I understand your nervousness and lack of confidence. I experienced those same things when I first looked into OLD. I, too, had a rather long profile, but to me it helped me sort the wheat from the chaff, so to speak, in that those who had obviously taken the time to actually read the whole thing and talk to me about things contained in it were the ones I would communicate with while those that led with crap like "you are beautiful" (nice try, buddy, but no) or "oh you are a teacher....my mom (grandma, sister, aunt, best friend's sister's husband's cousin twice removed) was also a teacher" (no kidding, Captain Obvious...thanks for the autobiography) got ignored right from the start.
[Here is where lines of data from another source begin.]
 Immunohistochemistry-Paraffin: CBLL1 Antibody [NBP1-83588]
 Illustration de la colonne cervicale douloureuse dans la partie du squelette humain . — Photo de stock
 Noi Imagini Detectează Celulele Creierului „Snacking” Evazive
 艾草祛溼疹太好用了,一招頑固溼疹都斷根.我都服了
It's a weird world to navigate and there are some odd ducks out there for sure, but think about those of us on here who have dipped our toes into that particular pool. I dare say, at some point, all of us have found quality folks. If I remember their stories correctly, J9 found his doctor lady OLD and I found Sparky that way. I even want to think that Andrew had some online connection to his lady B, but I may be fuzzy on that particular one. My point is that while there are crazies, there are also decent folks looking for love out there. Try not to get too discouraged or be too nervous. You are wonderful and the right person will recognize that whether they come from OLD or you bump into them with your cart in the middle of a crowded grocery store.
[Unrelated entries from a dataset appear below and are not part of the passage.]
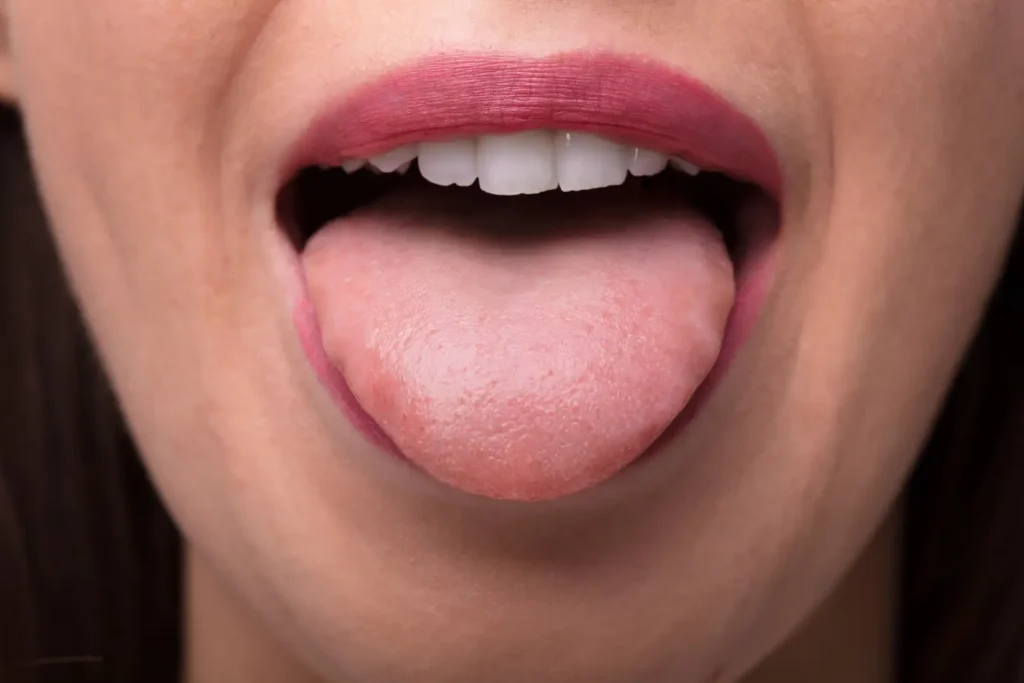 what your tongue can tell you about your health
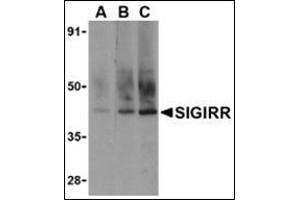 Western blot analysis of SIGIRR in A549 cell lysate with this product at (A) 0. (SIGIRR anticorps  (C-Term))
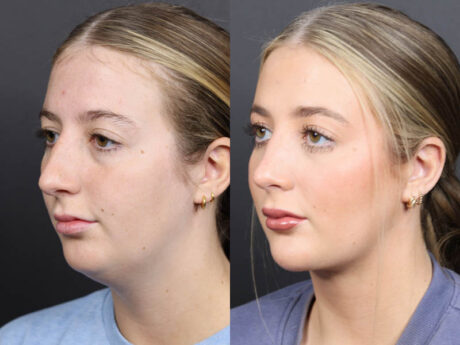 Rhinoplasty case #11434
Me 52, H53 Bomb drop 9/29/2014 Divorce from XH final 12/17/2014 Marriage #2 12/31/2019 5 adult (step)daughters (3 from XH's first marriage, 2 from current H's previous relationships) 6 grandkids
Ummmm.... I have met you juju. You are gorgeous and don’t need a filter. And I know guys steer away from filters because that usually means a person is hiding something.
You are going to have no problems with this, that I am sure of
Thanks guys. I’m trying so hard to wait till later to see who responded.
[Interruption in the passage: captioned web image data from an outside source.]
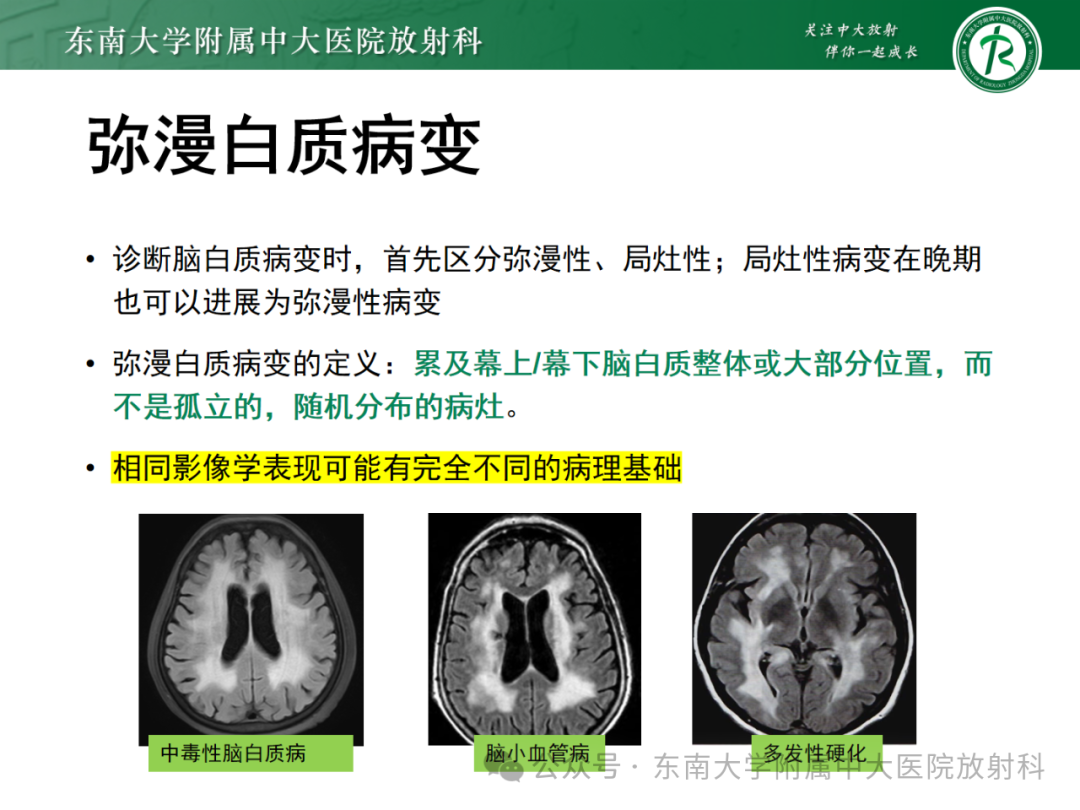 影像PPT - 【PPT】成人脑白质受累为主的弥漫/融合分布病变的诊断思路-7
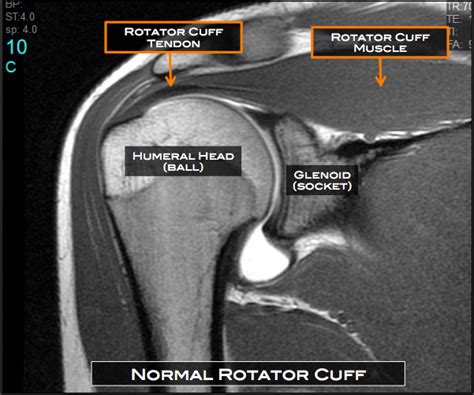 Rotator Cuff Tear Austin Tx Shoulder Surgery Austin Tx Shoulder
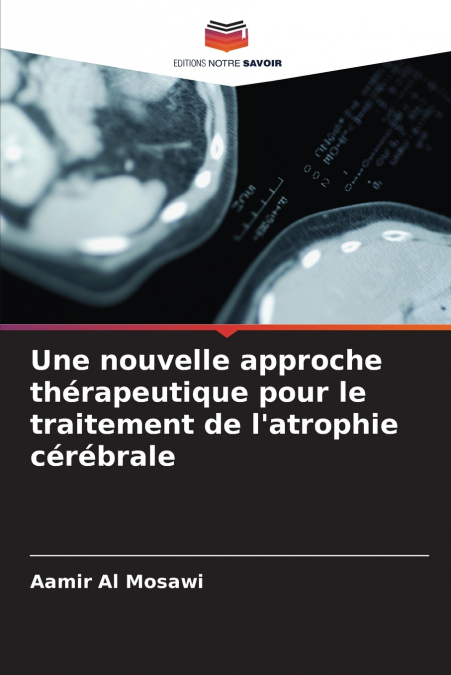 Une nouvelle approche thérapeutique pour le traitement de l’atrophie cérébrale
My pics look like me. The lighting is off and not in a super flattering way. Little makeup (I don’t know how to put it on right) and I’m mostly wearing work out type outfits. I had no recent dressy pics of me. Just 1 which is dressy for me (black pants and a frilly tank top) but not comparably. I always feel funny asking people to take pics of me.
I can’t help but look at the other woman”s profiles and a lot of them are very glamorous looking. I just haven’t been to any glamorous places. I’m shocked that 42 year old teachers are posting bikini shots. Yes, they look like they live at the gym. And a lot of them have had work done. It’s ok though. I’m not gonna click with a guy that likes those type of women anyway. I have to stop comparing.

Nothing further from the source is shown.